The whole aim was to "make a record that occupied its own space and which wasn't akin to anything around it -- but which bore faint relation to other things; it has its own strange influences". Gordon knew that he was making a record that couldn't compete because it was so different. He talks of the record with something approaching abstraction: "it's so close to me...there's so much of me in it."
This record, he sees as a logical extension of his previous work with Edinburgh band The Freeze, who recorded a brace of singles before disintegrating sometime in 1982. Cindytalk have fallen together in the meantime, recording this album over the last six months. Surprising...because it sounds as though it would have had to be made in a single day, with its improvised, spontaneous way. Entirely divorced from the sophistication of '84, their senusous melt hardly makes for the easiest of listening. Instead, it crashes through the grotesque, the horror and the tender in one abandoned heave. 'Camouflage Heart' is claustrophobic, unsettling and deformed. During this year, only Scraping Foetus Off The Wheels have bettered it as a scrawl of threatening force. Gordon is aware of its infernal nature.

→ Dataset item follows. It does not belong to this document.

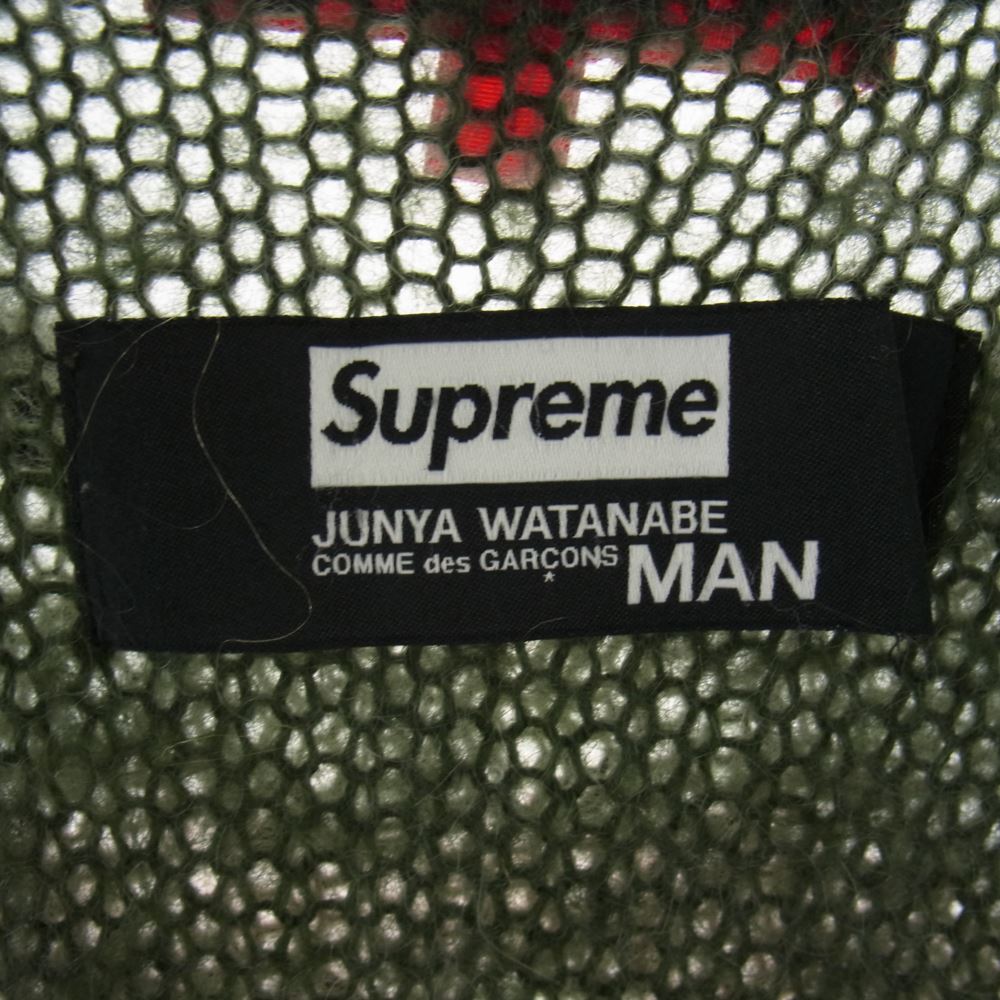 Supreme シュプリーム ニット 21AW × JUNYA WATANABE COMME des ...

"We didn't intend it to be necessarily difficult, although we accepted from the very start that it might well be that way. We did take a conscious turn from a palatable sound, though. Some of the early Cindytalk songs, when we first came down to London, were actually quite lush and dreamy...almost floaty. That wasn't really satisfying me. I demanded something much more forceful.
"We place ideas as more important than actual songs and taking those ideas into a studio is difficult. It was mentally exhausting to make."

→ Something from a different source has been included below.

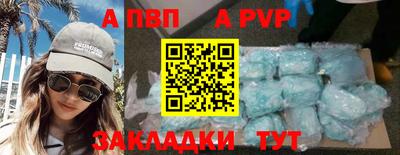 синтетический гашиш Дубна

...And to listen to. 'Camouflage Heart' is a traumatic coalescence of emotion -- savage and yet delicately picturesque.
"Desire...a singular vision...an attempt at something beautiful/something of a blissful mess, caressing...and what of fear...stealing all the good lines, seeing more than the rest and always, always playing the part to perfection." (from sleeve-notes)
Out on the dark edges, what drives Cindytalk to such frightening extremes?
"It baffles me as much as anyone else", Gordon sighs softly. "I wouldn't want to make a record that I was completely happy with, which was totally clear. I get more from it every time I listen to it. The record falls over itself, it gets too caught up in itself, it's far too self-conscious, it's over-dramatic, it's sometimes too big for its own good, a little bit too intense for its own good. But that is reflective of us -- that's how it had to be. It's all from the sub conscious, just falling out in fragments. So therefore, it is coming from the truth. It comes from real experience, thoughts, imaginations, fears, dreams and desires.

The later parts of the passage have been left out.